In 2018, the Washington Post reported on a Federal Reserve study showing that “small businesses in the United States struggled with uninsured damage and lost revenue following a record-breaking year of hurricanes and wildfires” in 2017.

“The report paints a worrisome picture for local economies after a year of weather- and climate-related disasters that cost the (U.S.) an estimated $306 billion,” the paper reported, adding 2017 was, according to the National Oceanic and Atmospheric Administration (NOAA), the third-warmest year on record.

Since then, 2019 has set a new record. Last year was the warmest year on record for the world’s oceans — something one of the researchers who studied the oceans’ rising temperatures called “dire news” and a sign of “continued, uninterrupted and accelerating warming rate of the planet Earth.”

The accelerated rate of climate change means we will continue to see stronger storms, more severe flooding and wildfires that swallow entire towns.

The consequences obviously impact more than just small businesses, but something that comes up every single time constituents ask our elected state leaders in the 18th Legislative District what they’re doing to help stem climate change is that the solutions proposed by their Democratic colleagues are too costly, especially for small businesses that rely on greenhouse gas-emitting vehicles to deliver their supplies and goods.

When will these politicians start to realize that the cost of ignoring climate change in the name of “saving taxpayers’ money” is going to cost our small businesses and consumers way more in the long run?

The proof is already out there. A new report by NOAA shows that 14 natural disasters in 2018 cost our country $91 billion.

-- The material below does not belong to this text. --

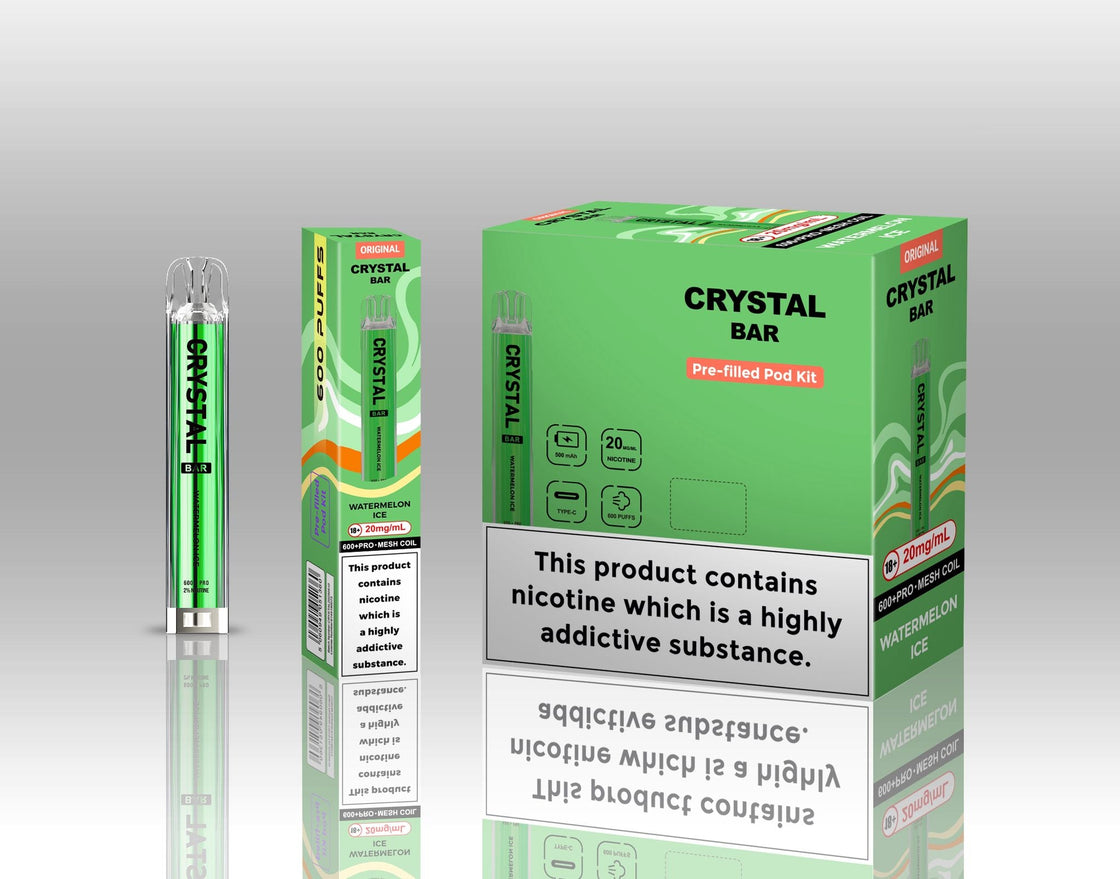 Original Crystal Bar 600 Puffs Prefilled Pod Kit 20mg- 10 Pack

In its reporting on the NOAA report, NBC News put it this way: “The report’s findings are a sign that the changing climate and increasing numbers of extreme weather events are having a significant economic impact, even as the Trump administration continues to undo Obama-era climate regulations.”

And for anyone concerned about this region’s rapid population increase, take note that climate change will likely have a great impact on how fast cities like Camas and Washougal grow over the next few decades.

According to a 2015 study published in the Proceedings of the National Academy of Sciences journal, the U.S. will receive as many as 13 million climate refugees before the end of the century, as residents from hundreds of towns and cities across the globe are forced to relocate due to severe flooding, extreme heat, drought, fires and other disasters.

When it gets too hot in Arizona, when wildfires devastate California, when hurricanes wreck the Gulf Coast, places with more temperate climates — especially the Pacific Northwest — are likely going to be a popular option for these American climate refugees.

In fact, according to an article published in the Guardian in 2018, the “era of climate migration” is already happening in the U.S.

If our elected leaders truly cared about things like stemming rampant growth, keeping housing affordable for the working class and helping small businesses survive, they would be actively searching for ways to fight climate change instead of using tired arguments to avoid solving what is arguably our world’s, nation’s and state’s most pressing problem.